Around 1275 when, according to the 'History of Essex', a messuage (dwelling with outbuildings and land attached) was given by a member of the Bacon family to the Abbot and Convent of St. John the Baptist, Colchester. At the time of the suppression of the monasteries in 1539, Abbot's, as it was then known, was granted by Henry VIII to a George Tresham.
The house, Witham Place, must have been built soon afterward as there is a reference in 1556 to a large mansion 'lately erected'. After some changing of hands, Abbot's and a building called 'Petworths' was sold to Judge John Southcote around 1575. The Southcotes owned it for more than two hundred years but did not live there continuously. They were Catholics and Royalists and the house was sacked by parliamentarian forces in 1648. In 1755 The property was let on a long building lease to Lord Stourton, who made additions to the house and grounds.
In the early 17th. century the tenant was probably Dame Katherine Barnardiston, who was influential in the parishioners' conflict with their Vicar around 1630. Her second husband was Sir Thomas Barnardiston of the Suffolk Puritan family, and her third was William Towse, M.P., and Town Clerk for Colchester. Her will refers to a 'long gallery'. a 'painted chamber' and a 'matted gallery', helping to indicate the size of the house.
Up to the 17th century gardens were formal and geometrical. The new style in garden, park and landscape design was first introduced in 1719 when William Kent returned from a grand tour with vivid memories of Italian landscapes, Alpine crags and cascades, and ancient temples. These, with trees left to grow to their natural shape, soon became part of English garden landscape known as the 'Natural' school.
Philip Southcote, the fourth son of Sir Edward of Witham Place, married a dowager duchess with property in Chertsey in Surrey. He landscaped the 150 acre grounds which soon became known as "the first of the great landscape gardens created by the proprietors of taste". Philip Southcote's main contribution to landscape design was the inclusion of a belt of trees around the perimeter of the estate, he also gave emphasis to flowers, not only in the more formal gardens but also further out into the estate.

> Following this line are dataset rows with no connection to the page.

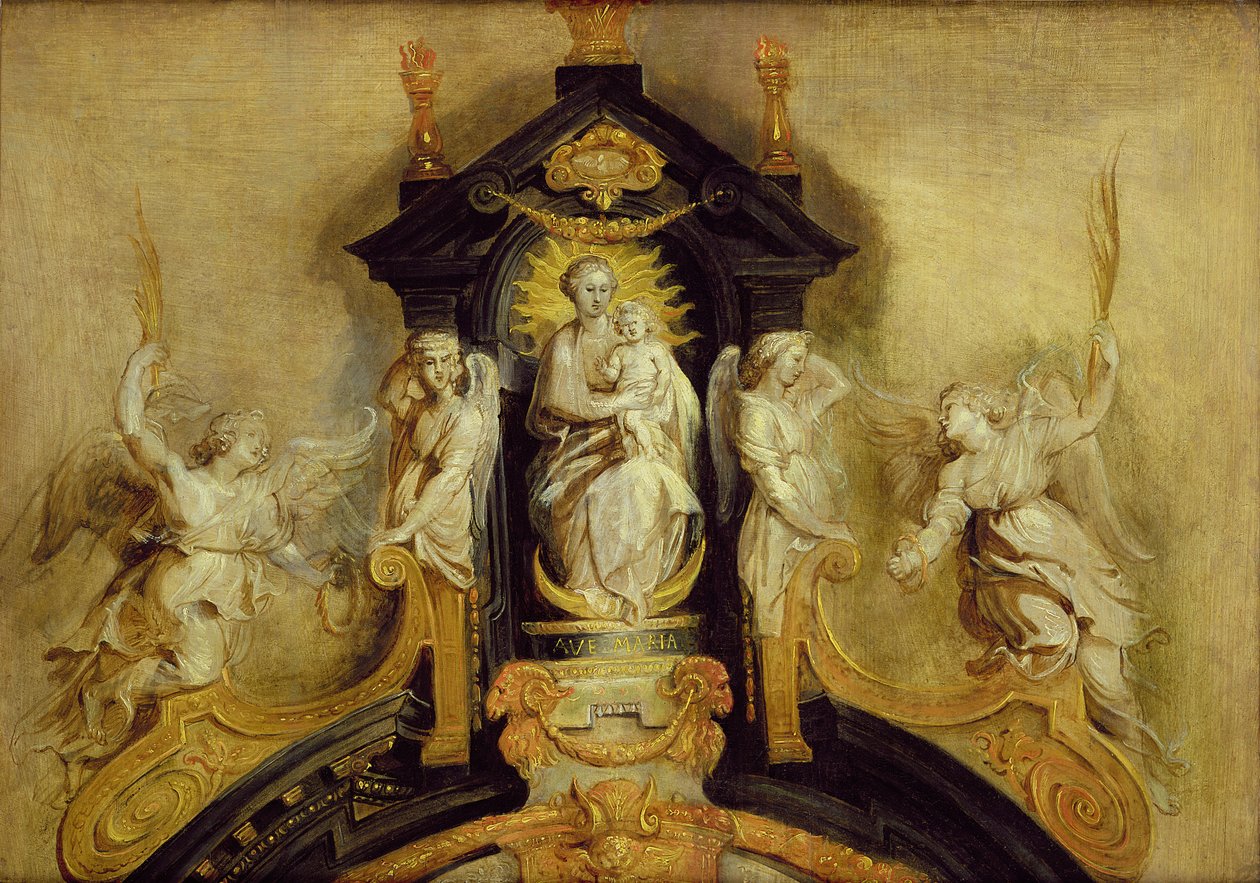 Unbekanntes Bild von Peter Paul Rubens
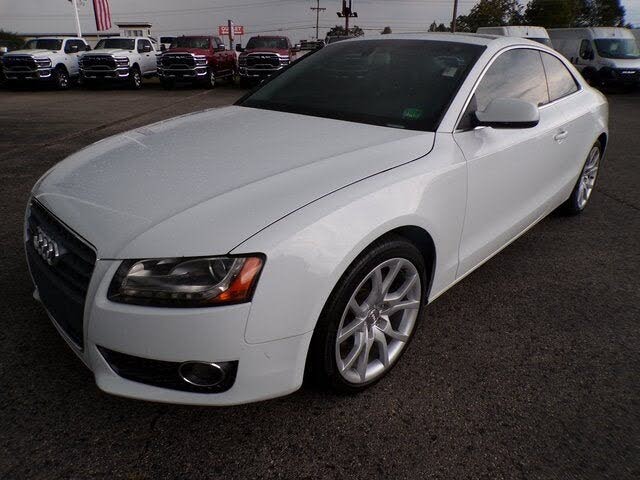 2012 Audi A5 2.0T quattro Premium Plus Coupe AWD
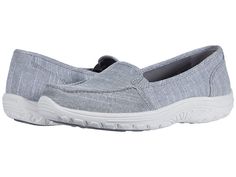 SKECHERS Reggae Fest - Manzanita - Women's Shoes : Grey : The SKECHERS Reggae Fest - Manzanita slip-on sneaker will add comfort and minimalist style to your everyday look with a woven natural canvas fabric upper, heathered finish, and premium cushioning. Slip-on design with dual elastic insets. Rounded toe with raised stitch seam. Relaxed Fit design provides a roomier fit. Padded collar and breathable fabric lining. Air Cooled Memory Foam cushioned insole for long-lasting wear. Supportive midsol Skechers Sneakers, Shoes Grey, Casual Sneakers Women, Sneaker Collection, Sportswear Women, Clothing Ideas, Signature Logo, Minimalist Style, Casual Sneakers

Capability Brown turned to design in 1746 when he was 30 years old. He adopted Kent's clumps of trees and Southcote's tree belt. With his good, though strict range, of ideas his flair for design and his bluff and hearty manner, he persuaded landowners throughout the land to commission him.
Philip Southcote was not a professional landscaper, his ferme ornee at Chertsey, soon became overgrown as did Dr. Sayer's parsonage at Witham. Horace Walpole's much quoted letter of 20/07/1749 - "Dr. Sayer's parsonage at Witham, which, with Soutcote's help. whose old Roman Catholic father lives just by him, he has made one of the most charming villas in England. There are sweet meadows falling down a hill, rising out on t' other side and the prettiest little winding stream you ever saw".

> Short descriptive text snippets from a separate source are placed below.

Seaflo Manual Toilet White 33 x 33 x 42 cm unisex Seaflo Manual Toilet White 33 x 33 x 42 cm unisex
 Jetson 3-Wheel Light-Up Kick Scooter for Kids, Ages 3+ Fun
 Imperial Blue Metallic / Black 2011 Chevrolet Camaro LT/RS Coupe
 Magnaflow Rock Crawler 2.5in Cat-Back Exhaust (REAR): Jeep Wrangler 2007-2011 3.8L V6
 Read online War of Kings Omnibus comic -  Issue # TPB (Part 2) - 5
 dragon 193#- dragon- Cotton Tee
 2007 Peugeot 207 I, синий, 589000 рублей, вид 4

The mansion was now very extensive, at the turn of the 20th century William Bindon Blood (the local lawyer) said he could turn a 'coach and four' in what was the drawing room of the house, the foundations of which were still exposed at that time. The house also contained a Catholic Chapel. Lord Stourton died in 1781. His son sold the Witham Place Estate to John Bullock of Faulkboume Hall in 1800. He, in turn, sold Witham Place with the homefields, four acres, and Dick's Mead to Robert Bretnall, Miller. John Bullock added the rest of the estate, including Spa Field, to his Faulkboume estate. Dick's Mead was a field at the back of what is now Spring Lodge.

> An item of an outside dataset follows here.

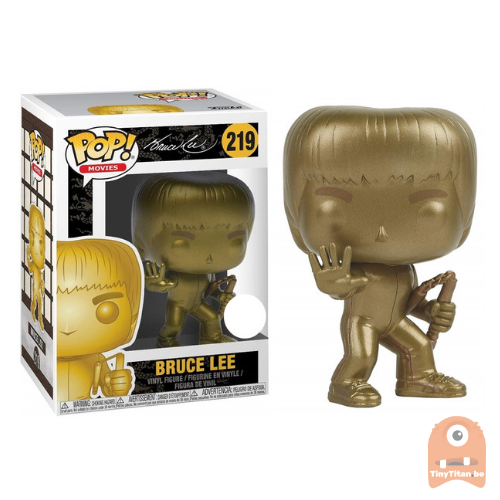 POP! Movies Bruce Lee Gold Game of Death #219 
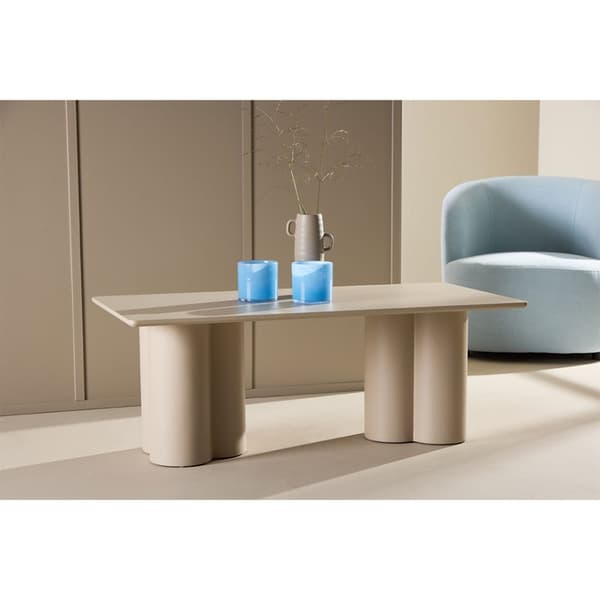 Olivia sofabord beige.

At this time a new Catholic chapel was built at the corner of the road to Powershall End and Highfields Road. Witham Place was then let to various people by the Bretnalls. For some years it was a boy's boarding school. It became run down and by 1848 the Essex Directory described it as a very extensive mansion but had been reduced to one third it's former magnitude though still a large residence but by then unoccupied. Fallen into disuse it was demolished about two years later. The trees were felled and the timber sold by auction "including two magnificent plane trees ... foreign oaks, cedars, tulip tree, acacias, and other valuable trees".
The land now holds a number of large houses behind the wall and council housing developed in the 1960/70s.